Commençons par préciser que nous allons nous concentrer sur les contractions concentriques du muscle et que nous laissons de côté les contractions excentriques et isométriques.

Nous décrirons d’abord l’action unilatérale du muscle faisceau par faisceau puis nous passerons à l’action bilatérale.

  1. Actions unilatérales
    1. Point fixe rachidien

Le faisceau supérieur est élévateur du moignon de l’épaule.

Le faisceau moyen est adducteur de la scapula. Il applique l’os contre le thorax et permet la rétractation de l’épaule vers l’arrière.

Le faisceau inférieur est abaisseur de la scapula et participe au mouvement de bascule postérieure.

La contraction simultanée des faisceaux supérieur et inférieur participe au mouvement virtuel de sonnette latérale

  • Point fixe scapulaire

Le faisceau supérieur entraîne une rotation contro-latérale de la tête avec extension cervicale en synergie avec l’action du muscle sterno-cléido-mastoïdien.

Le faisceau moyen provoque une translation homolatérale du râchis thoracique.

Le faisceau inférieur participe de cette translation homolatérale du râchis thoracique et il est également sustentateur des 5 à 6 dernières vertèbres thoraciques.

Voyons maintenant l’action bilatérale des deux muscles faisceaux par faisceaux.

  1. Actions bilatérales
    1. Point fixe rachidien

Les faisceaux supérieurs participent au mouvement de haussement des épaules

Les faisceaux moyens participent au mouvement de rétractation des épaules vers l’arrière.

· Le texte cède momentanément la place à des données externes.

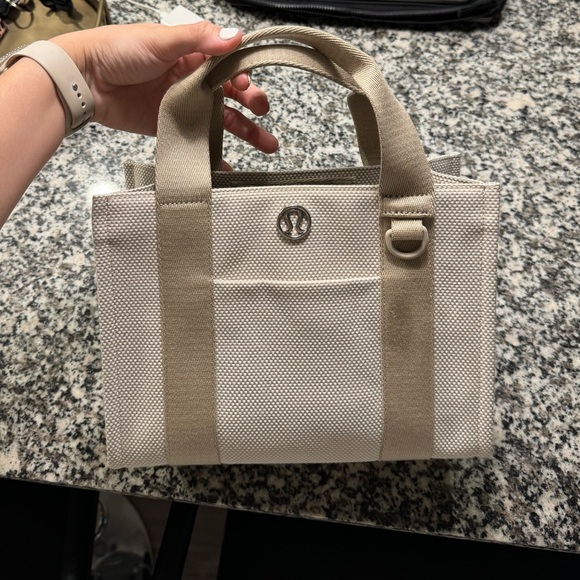 lululemon athletica Handbags - Lululemon small tote bag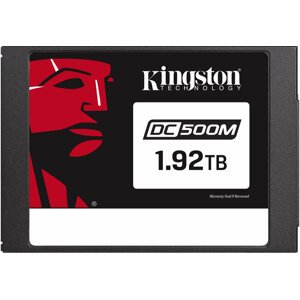 Kingston Flash Enterprise DC500M, 2.5” - 1,92TB (Mixed-Use) - SEDC500M/1920G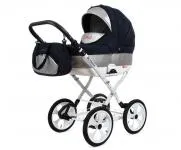 Kočárek 2v1 BabyLux  ROSSO BLUE SHINE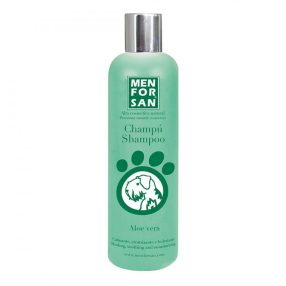 Kisállat sampon Menforsan Kutya Aloe vera 300 ml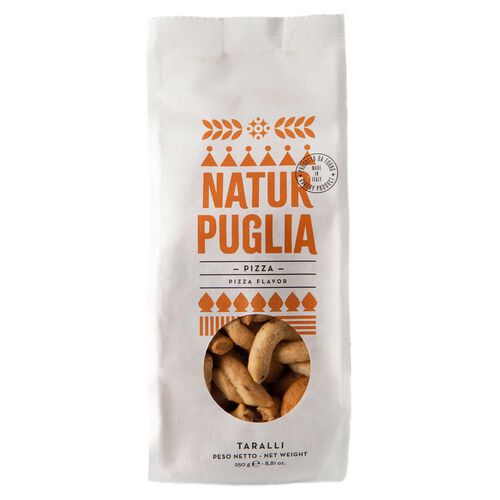 Natur Puglia Taralli Pizza 250g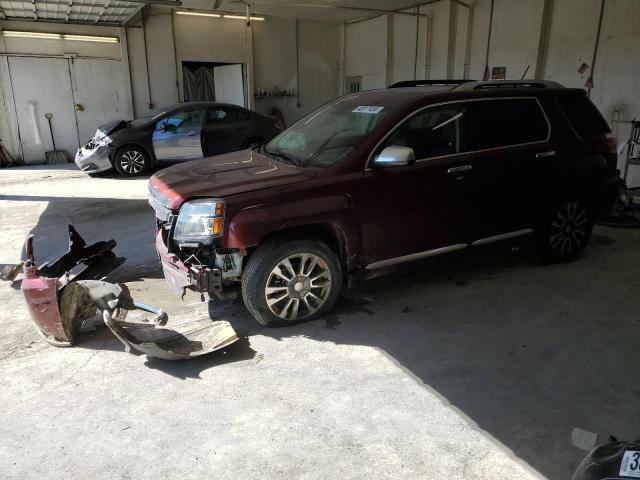 2GKFLVE37H6148431 - 2017 GMC TERRAIN DENALI RED photo 1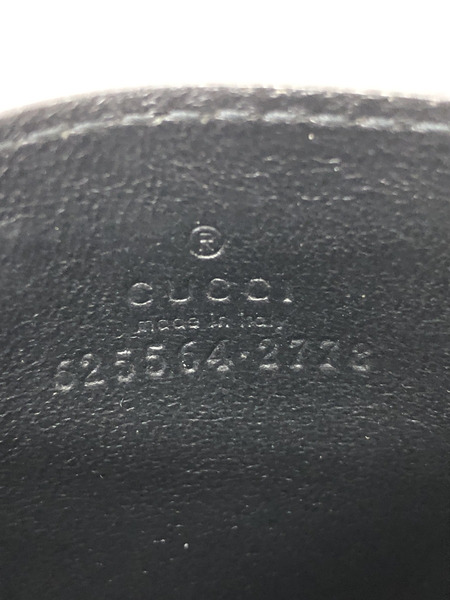 GUCCI/グッチ/GGエンボス レザー カードケース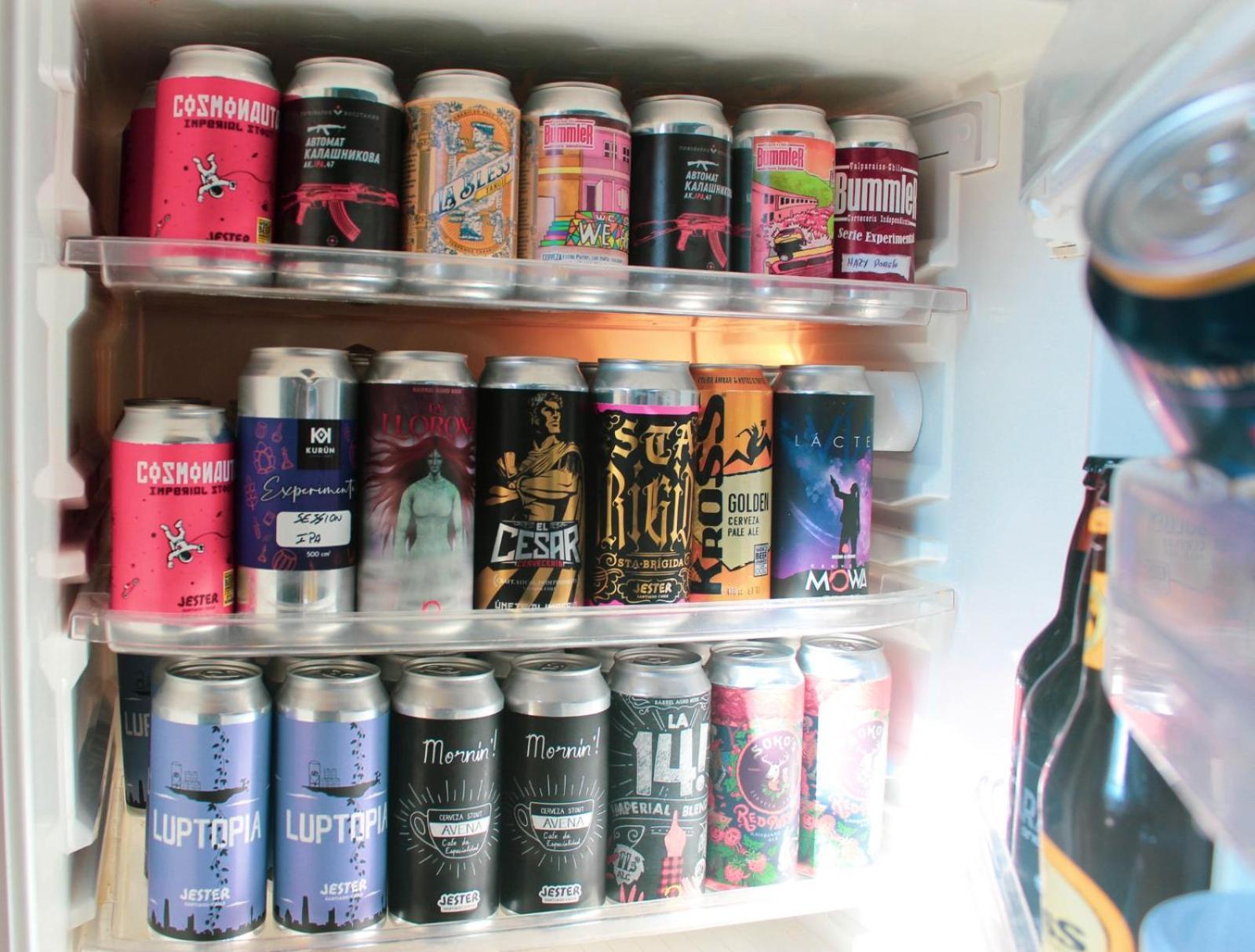 Beer&Beer Bed & Breakfast Valparaiso Ngoại thất bức ảnh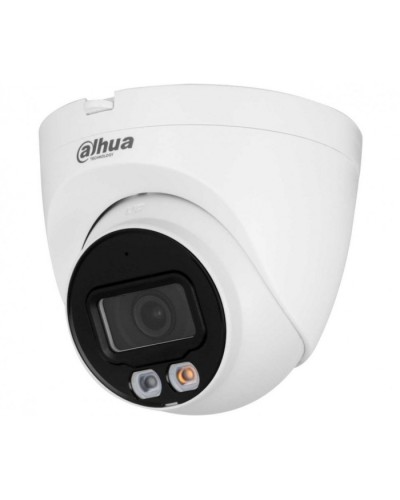 IP-камера видеонаблюдения уличная купольная Full-color с ИИ Dahua DH-IPC-HDW2849TP-S-IL-0360B в Уссурийске IP-камеры Pintop.ru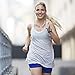 Bluetooth Headphones Retractable, LSCHARM Sport Wireless Stereo Neckband Headset Retractable Earbuds Noise Cancelling with Mic (Rose Gold)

Les faisceaux inférieurs participent au mouvement d’abaissement des épaules.

  • Point fixe scapulaire

Les faisceaux supérieurs sont extenseurs de la tête sur la nuque et accentuent la courbure cervicale.

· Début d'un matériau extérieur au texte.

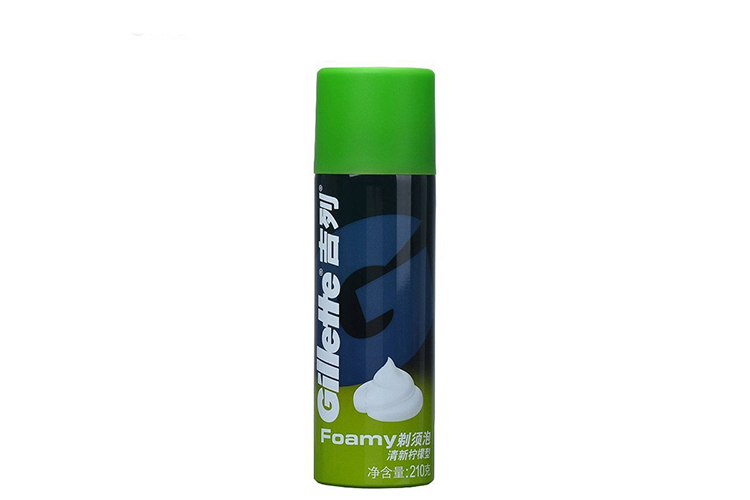 GILLETTE FOAMY LEMON LIME SHAVING FOAM 210G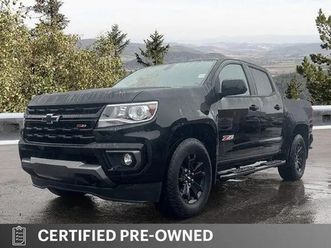 2021 chevrolet colorado 4wd z71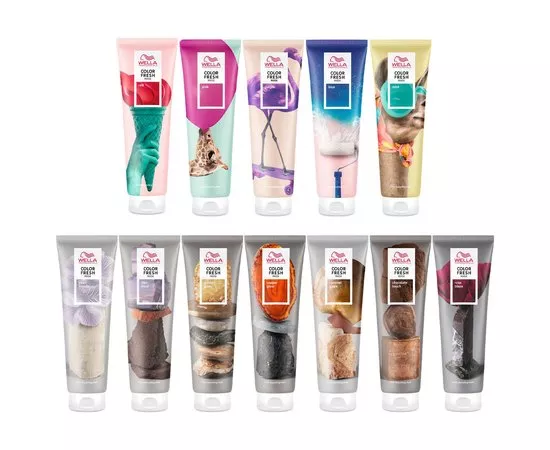Оттеночная маска Wella Professionals Color Fresh Mask Оттеночная маска Wella Professionals Color Fresh Mask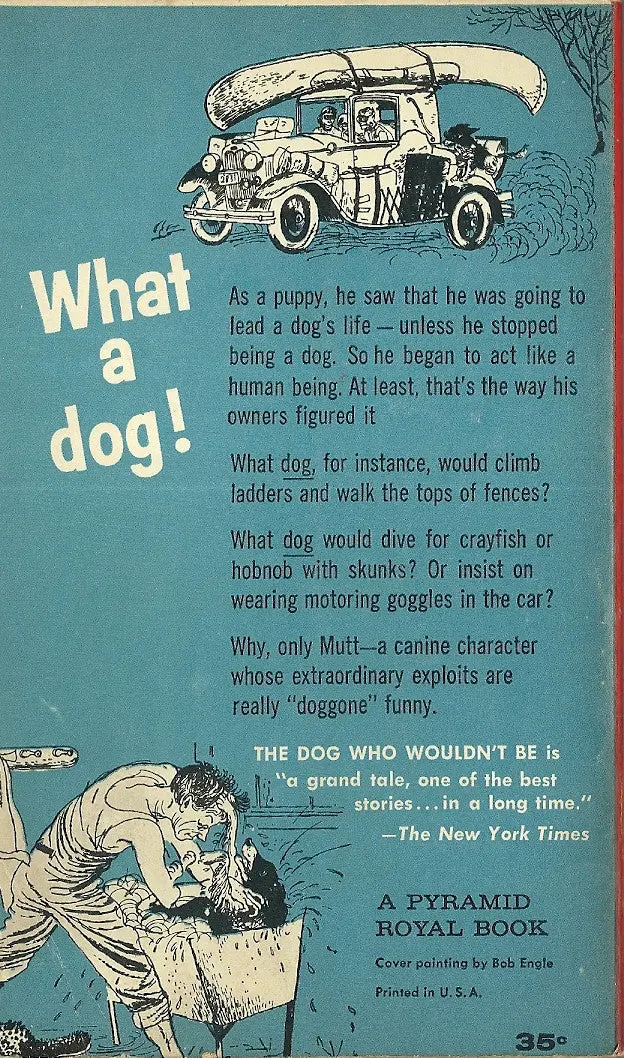 The Dog Who Wouldn't Be 2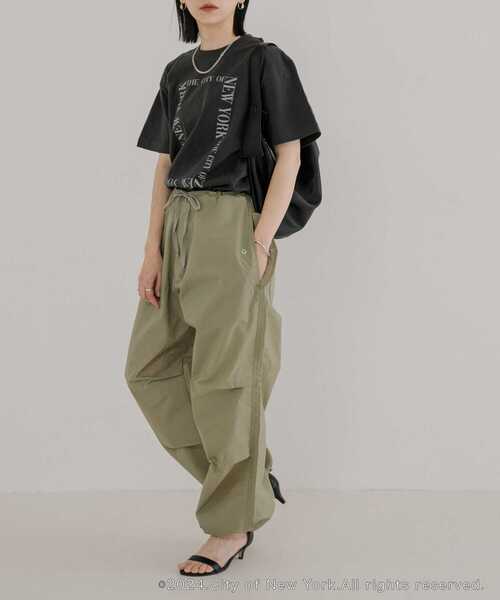 GOOD ROCK SPEED（グッドロックスピード）の「GOOD ROCK SPEED　NYC LOGO T-SHIRTS（Tシャツ/カットソー・レディース・ブラック系その他/ホワイト系その他/ブルー系その他・FREE）」の22枚目の写真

Les faisceaux moyens et inférieurs plaquent les muscles sous-jacents et sont stabilisateurs thoraco-scapulaires.

Innervation

Le muscle trapèze reçoit une double innervation.

L’innervation principale motrice est assurée par le Nerf spinal accessoire ou XIème nerf crânien.

Ce nerf, uniquement moteur, possède deux noyaux d’origine au sein du névraxe. L’un est bulbaire, l’autre est médullaire. C’est ce noyau, étendu de C1 à C6 dans les cornes latérales de la substance grise de la Moëlle cervicale qui va donner les racines du nerf spinal médullaire par 5 ou 6 radicules. Elles émergent du cordon latéral de la moëlle en avant des racines postérieures.

La racine spinale médullaire monte dans le canal rachidien entre les racines postérieures de la Moëlle cervicale en arrière et le ligament dentelé en avant et il passe ensuite dans la Fosse cérébrale postérieure après avoir traversé le Foramen Magnum.

Ici, la racine fusionne avec la racine spinale bulbaire en provenance du tronc cérébral pour constitué le Nerf Spinal Accessoire proprement dit avant de traverser le Foramen Jugulaire (anc. Trou déchiré postérieur) et rejoindre l’Espace Rétrostylien.

C’est dans cet espace que le Nerf spinal accessoire se divise en deux branches latérale et médiale. La branche médiale, contenant les fibres bulbaires rejoint le Xème nerf crânien pour participer à l’innervation motrice du larynx et du pharynx.

La branche latérale constitue le nerf spinal médullaire et va cheminer obliquement vers le bas et l’arrière, traverser le muscle Sterno-cléido-mastoïdien (SCM) et rejoindre la région du creux sus-claviculaire où il se divisera en deux branches terminales : le nerf du muscle SCM et le nerf du muscle trapèze.

Ce dernier va cheminer à la face profonde du muscle.

Le muscle trapèze, comme le muscle SCM possède également une innervation accessoire en provenance des 2ème, 3ème et 4ème nerfs cervicaux. Si certains auteurs considèrent que cette innervation est d’ordre proprioceptive, Lazorthes avance que la section du spinal médullaire entraîne peu de troubles sur les 2 muscles, ce qui peut laisser penser que des fibres motrices passent aussi par le plexus cervical. Comme nous le verrons dans la vidéo suivante, en abordant l’anatomie pathologique du muscle, il semble hélas que l’atteinte du nerf spinal médullaire ait des conséquences funestes sur le muscle et nécessite une intervention chirurgicale fréquente pour préserver la fonction des muscles trapèze et SCM. Les branches cervicales en provenance de C3 et C4 pour le muscle trapèze, rejoignent rapidement le nerf du trapèze et vont cheminer à la face profonde de ce muscle en compagnie des artère et veine cervicales superficielles. On peut ainsi considérer qu’il existe un pédicule vasculo-nerveux du trapèze.